Adobe has launched Acrobat Studio, a new platform that weaves together Adobe Acrobat, Adobe Express and artificial intelligence (AI) automation in a single window. “Acrobat Studio marks a significant milestone in the history of PDF, which Adobe invented in 1993 and has since become the standard for the world’s most important information,” the company says.
More than anything else, this re-emphasises Adobe’s fast-paced integration of AI utility across its apps and services. At the heart of Acrobat Studio is PDF Spaces, which are essentially hubs where a user can consolidate up to 100 files (PDFs, Word docs, web links), then query, compare, or summarise (this has personalities too, for the desired result) conversationally, complete with clickable citations.
Speaking of personalities, ‘The Analyst’ is ideal if you want the responses to be structured for deeper insights, ‘The Instructor’ works best for simple explanations and clarity of complex information and ‘The Entertainer’, as the name suggests, is creatively playful. If this isn’t enough, there’s the option of a custom agent personality within the suite. At this point, a user could shift to creating infographics, presentations, flyers and social posts using Adobe Express, within the same interface. There is also the element of Firefly generative AI, which may be able to add more.
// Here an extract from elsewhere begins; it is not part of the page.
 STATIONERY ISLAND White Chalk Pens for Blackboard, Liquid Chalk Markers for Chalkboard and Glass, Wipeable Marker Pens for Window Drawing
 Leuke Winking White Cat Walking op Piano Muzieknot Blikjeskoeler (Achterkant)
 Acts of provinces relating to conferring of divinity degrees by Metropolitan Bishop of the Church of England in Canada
Some prompts to try inside Acrobat Studio:
“Summarise the top 5 risks from these annual reports.”
“Explain this legal clause in simple language.”
“Draft a social post highlighting key insights from this white-paper.”
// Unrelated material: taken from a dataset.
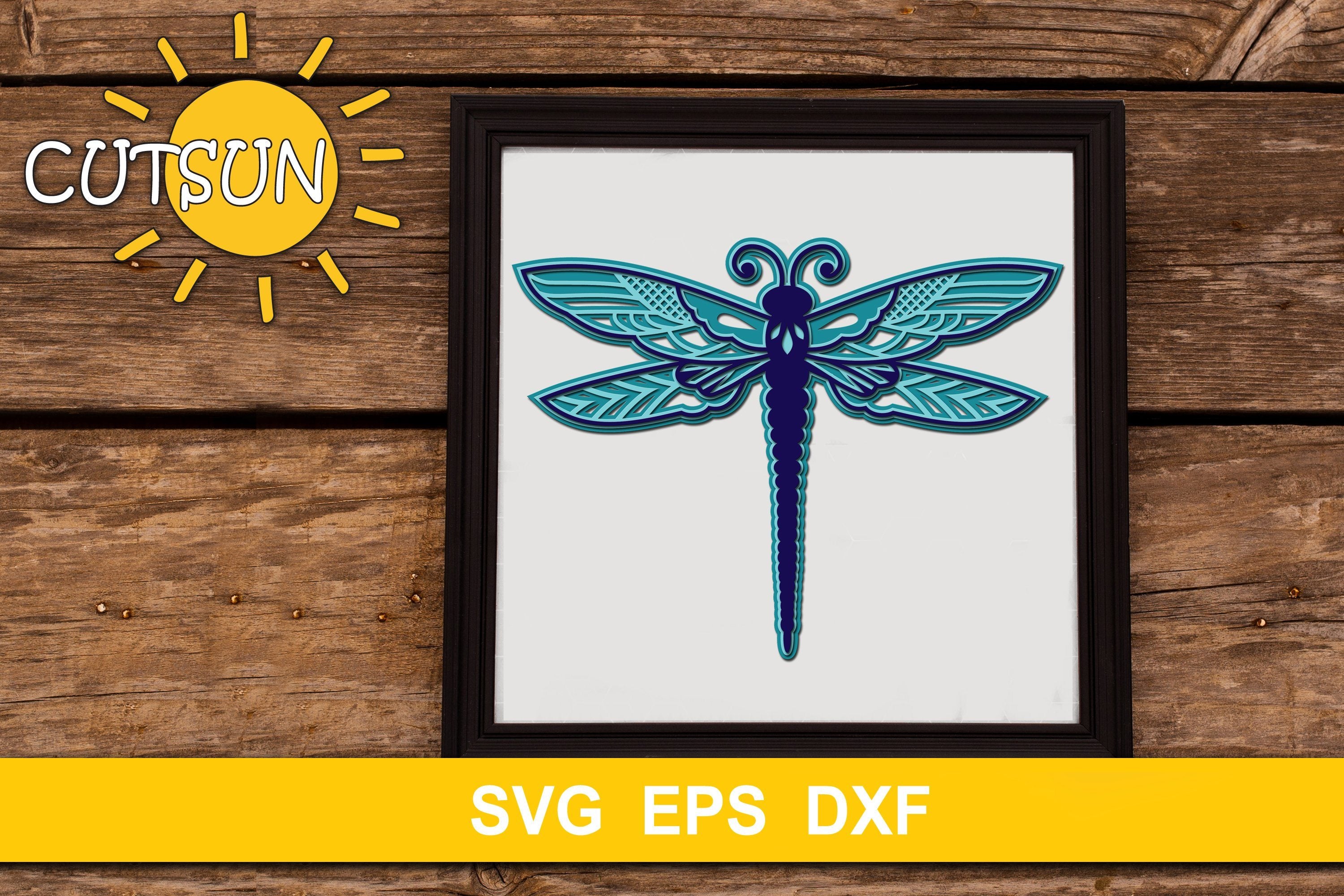 Download 3d Layered Mandala Dragonfly Cut File Three Layers So Fontsy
“Create a slide deck summarising findings of these research papers.”
Mind you, this comes as yet another subscription from the house of Adobe. Acrobat Studio is priced at $24.99 per month (or ₹1,357 in India) for individuals and $29.99/month for teams (that’s ₹2,969 per license, in India).
Adobe says this is “early access pricing” that’s available till October 31. This now sits alongside Acrobat Standard ($12.99 per month) and Acrobat Pro ($19.99 per month), and the exclusive functionality includes an Acrobat AI Assistant as well.
THINKING
Anthropic, in an official post, August 16, 2025
The context: For an AI company that very clearly wants its Usage Policy to be seen as a living document, that is evolving as AI risks themselves evolve, it should come as no surprise that they don’t their AI model Claude to be misused, even in a ‘jailbroken’ format (these are hacks that may be deployed to bypass failsafes and guardrails put in place by the model developers based on ethical guidelines, and be able to perform restricted actions.
Anthropic’s new Usage Policy, thats effective September 15, 2025, doubles down on guarding against misuses of rising agentic tools like Claude Code and Computer Use, explicitly banning the creation of malware, network exploitation, denial-of-service attacks, and other cyber threats, while still enabling authorised security testing with consent.
The universal usage standards, updated by Anthropic, state that Claude shouldn’t be used to engage in any illegal activity that breaks local laws, compromise a computing system or network, compromise critical infrastructure, be used to develop or design weapons, compromise privacy or identity rights.
A reality check: At the same time, the firm has refined its approach to political content, and gone is the blanket prohibition on lobbying or campaign-related material. Now, only deceptive or disruptive uses—like voter targeting or campaign manipulation—are barred, allowing researchers and civic educators to use Claude more freely.
As the AI company evolves the terms of use, Claude’s safeguards get a layered approach. The “high-risk” scenarios like legal, financial, or employment advice, require additional safeguards such as human-in-the-loop oversight and AI disclosure. However, Anthropic now says those rules now apply only when Claude's responses enter consumer‑facing domains, and not inside B2B workflows.